No Matter What You Think about Israel, BDS Won’t Help

No Matter What You Think about Israel, BDS Won’t Help May 18, 2016

"Jerusalem Dome of the rock BW 13" by Berthold Werner - Own work. Licensed under Public Domain via Wikimedia Commons - http://commons.wikimedia.org/wiki/File:Jerusalem_Dome_of_the_rock_BW_13.JPG#/media/File:Jerusalem_Dome_of_the_rock_BW_13.JPG
“Jerusalem Dome of the rock BW 13” by Berthold Werner – Own work. Licensed under Public Domain via Wikimedia Commons – http://commons.wikimedia.org/wiki/File:Jerusalem_Dome_of_the_rock_BW_13.JPG#/media/File:Jerusalem_Dome_of_the_rock_BW_13.JPG

Editorial Note: With BDS continuously in the news, especially in light of the 2016 U.S. Presidential campaign, Altmuslim is hosting a two-part series arguing for and against the movement, which aims to use boycotts, divestment and sanctions to force Israel to abide by international law and end its occupation of Palestine. In this article, Umar Lee makes the case against BDS. The case for BDS is written by Kristin Szremski.

By Umar Lee

In the 1980s, Presidential candidate Jesse Jackson was forced to return donations from Arab-Americans, and the fact he’d accepted money from Arabs was perceived as a scandalous slight to the Jewish-American community.

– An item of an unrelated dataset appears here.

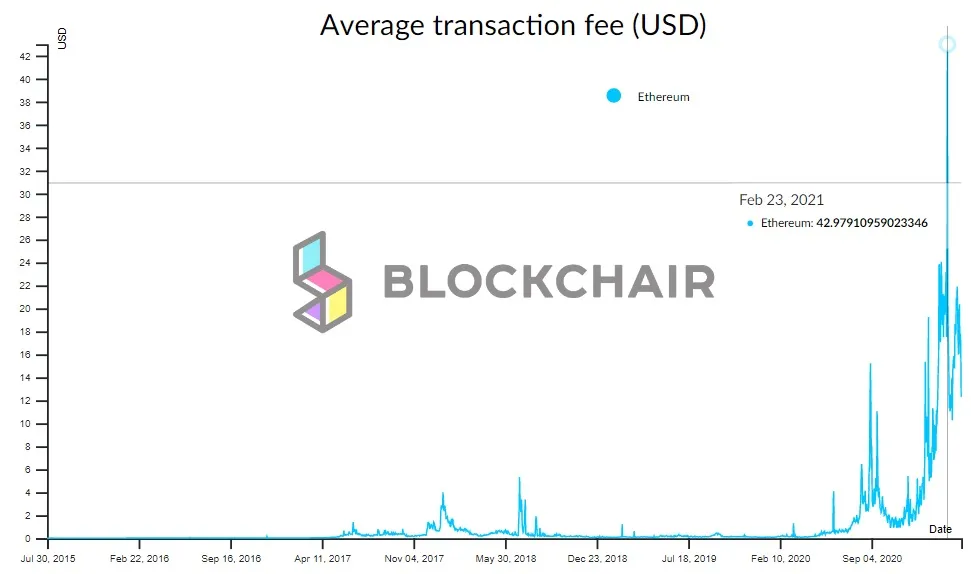 Las tasas de transacción de Ethereum se están disparando. Imagen: Blockchair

Today, we have a serious candidate for the presidency of the United States who is Jewish and who on a presidential debate stage in Brooklyn, a borough at the cultural epicenter of American-Jewish life, called Israel to task for the treatment of Palestinians.

It is no longer taboo to criticize Israel. Among young politically-minded Americans, support for Israel is moving from a bipartisan consensus to a pet issue of the right, similar to what South Africa became in the apartheid-era. So how necessary, or even useful, is it for Americans and the American Muslim community to engage in and support boycott, divestment and sanctions (BDS) as a means of protest against Israel’s occupation of Palestine?

Alan Dershowitz points out in his book, The Vanishing American Jew that with Jewish-American birthrates at a low-level, intermarriage at a high-level and participation in organized Jewish life at historic low levels, the future of the Jewish community in America is one that is smaller, less affluent and much more Orthodox. Combine this with the work of Peter Beinart, who points out that increasingly young American Jews are unwilling to give Israel a blank-check on acts of aggression and human-rights violations. And, in the not too distant future the politics of Sheldon Adelson may become a distant memory as a driving political force.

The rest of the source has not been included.